• Nenhum resultado encontrado

Eliane Aparecida Galvão Ribeiro Ferreira

Doutora em Letras. Professora na Universidade Estadual Paulista (Unesp), Faculdade de Ciências e Letras, Assis

D15 – Conteúdos e Didática de Língua Portuguesa e Literatura

Introdução

Aprender a ler não é muito diferente de aprender outros procedimentos ou conceitos. Exige que a criança possa dar sentido àquilo que se pede que ela faça, que disponha de instrumentos cognitivos para fazê-lo e que tenha ao seu alcance a ajuda insubstituível do seu professor, que pode transformar em um desafio apaixonante o que para muitos é um caminho duro e cheio de obstáculos. (SOLÉ, 1998, p. 65).

Durante a formação do leitor, a escola objetiva apresentar a leitura de textos literários, inserida em uma situação de aprendizagem que favoreça à formação do leitor. Mas como atingir este objetivo, se os alunos muitas vezes se recusam a ler, pois não associam essa atividade ao prazer e ao ludismo? Como despertar o interesse do pequeno leitor para os textos poéticos? De que forma abordá-los em sala de aula?

Em diálogo com a epígrafe, em busca de se pensar a leitura de forma apaixonante, apresenta-se a seguir um poema do paranaense Almir Correia (1964-), retirado de sua obra Poemas malandrinhos (CORREIA, 1991, p. 5), o qual explora, por meio da poeticidade: ludismo, oralidade e humor. Justamente, essas características chamaram a atenção da crítica, conforme Nelly Novaes Coelho (1995), pois a obra recebeu, em 1992, a menção Altamente Recomendável, pela Fundação Nacional do Livro Infanto-Juvenil – FNLIJ:

Doido varrido TodoDOIDO

(deita no chão e) querser

VARRIDO

O efeito de humor provém do reconhecimento da expressão popular “doido varrido”, a qual se atribui a indivíduos que expressam comportamento alienado, extravagante, conotando que foram pacientes de uma ação: tiveram seu juízo “varrido”, retirado de sua cabeça. Em sentido divergente e cômico, o poema manifesta essa expressão de forma subversiva, paródica, pois o “doido” deixa de ser paciente da loucura e se apresenta como agente. Assim, de forma denotativa, deita no chão e aguarda pela vassoura, ou seja, pela ação de ser literalmente “varrido”. Pode-se notar que a palavra “vassoura” não aparece no poema, mas pode ser subentendida pelo leitor por analogia com o termo “varrido” e com a ação do “doido de deitar no chão”.

A paródia no poema representa, segundo Affonso Romano de Sant’ Anna (2007), maneiras diferentes de se ler o convencional, o que leva à consciência crítica. A paródia atua como meio de desautomatização da língua e ativação da memória transtextual, pois evoca o reconhecimento pelo

leitor da dialogia entre textos, ao mesmo tempo que a nega pela subversão. Esse processo ocorre, porque a intertextualidade, conforme Linda Hutcheon (1991), substitui o relacionamento entre autor e texto, pelo entre leitor e texto, situando o lócus do sentido textual dentro da história do próprio discurso.

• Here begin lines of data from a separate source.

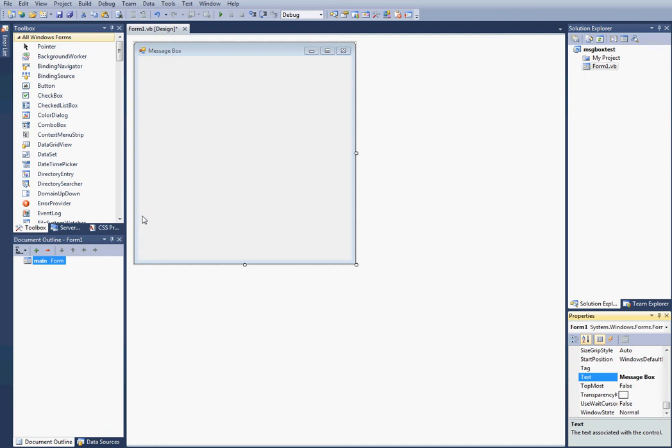Hey, this is I'm your admin, and today I'm going to show you how to create a message box in Visual Studios 2010.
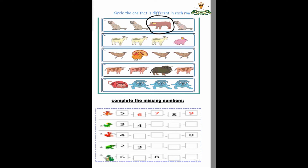The next picture: goat, goat, goat, rabbit. So what is different? Rabbit — very good, make a circle. Next picture: hen, peacock, hen, hen. So what picture is different? Yes, peacock — make a circle, very good.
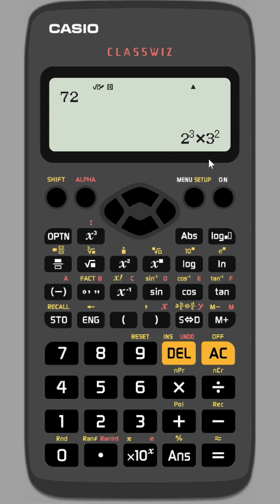Which you could then use in various questions, for example to find highest common factors and lowest common multiples.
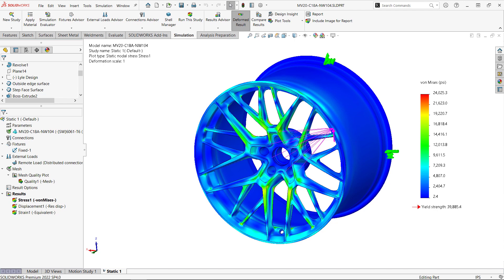We want to know whether the wheel can survive 200,000 cycles. If you'd like to see how to set up a fatigue study to determine that, check out the webinar recording. There's lots of other good stuff in there too. All right, I hope you found this video useful. Thanks for watching.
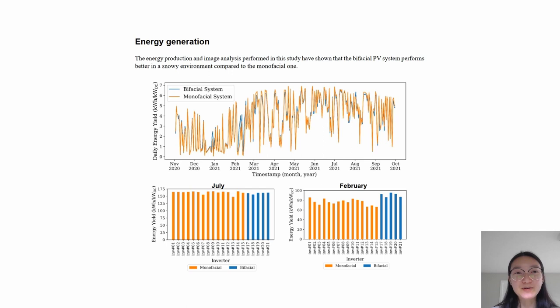Through energy production and image analysis, the study shows that bifacial PV systems perform better in a snow environment compared to monofacial.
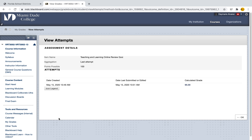I can go ahead and select that and I can find my attempts. Now if you have a professor who's given you multiple attempts so you can take the quiz multiple times, you can actually see all of your attempts here. You can select each and every one of them, or whichever one, to see particular feedback and see what it is you're getting wrong so you can do better the next time.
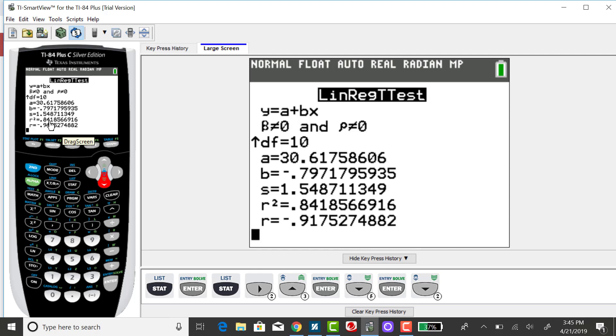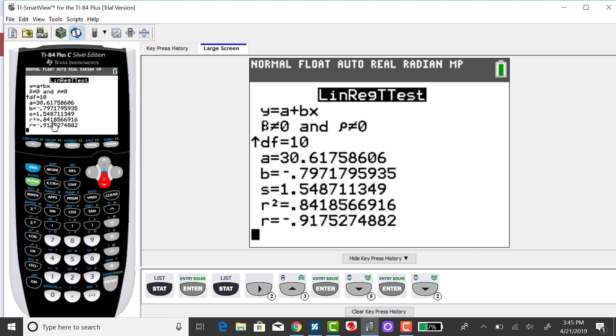The coefficient of determination for this problem is the proportion of variation in teeth explained by the relationship between tattoos and teeth. This tells me about 84% of the variation in Y is explained by the model, or the relationship between tattoos and teeth. And about 16% is unexplained due to possibly sampling error or a lurking variable.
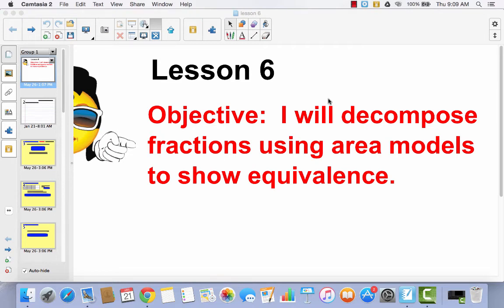Lesson 6. I will decompose fractions using area models to show equivalents. This is a continuation of Lesson 5, where we learned to decompose fractions using area models and showing equivalents. We're going to be doing that again today.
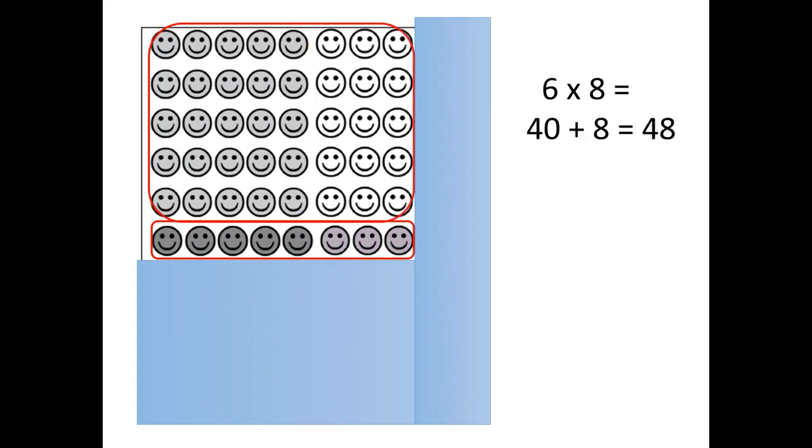Some students might say it's a little bit simpler if we just think of this in two groupings. We already know that 5 eights makes 40, and then we just need to add one more 8 to get 48.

Pela forma, o poema suscita várias leituras. Assim, se a criança centralizar sua atenção às palavras em caixa alta, lerá “DOIDO VARRIDO”. Se, pelo contrário, focar as letras em caixa alta e baixa, verá: “Todo [...] deita no chão e quer ser [...]”. Para interpretar o texto, ela precisa preencher as lacunas dispostas na estrutura de apelo do texto. Essa estrutura pressupõe, de acordo com Wolfgang Iser (1999), um leitor implícito. Contudo, na sala de aula, durante a recepção do texto, nota-se que os leitores empíricos realizam essa tarefa de preenchimento, a qual implica interação. Desse modo, a atualização da leitura se faz presente como um processo comunicativo que, justamente por isto, pode conferir prazer ao leitor.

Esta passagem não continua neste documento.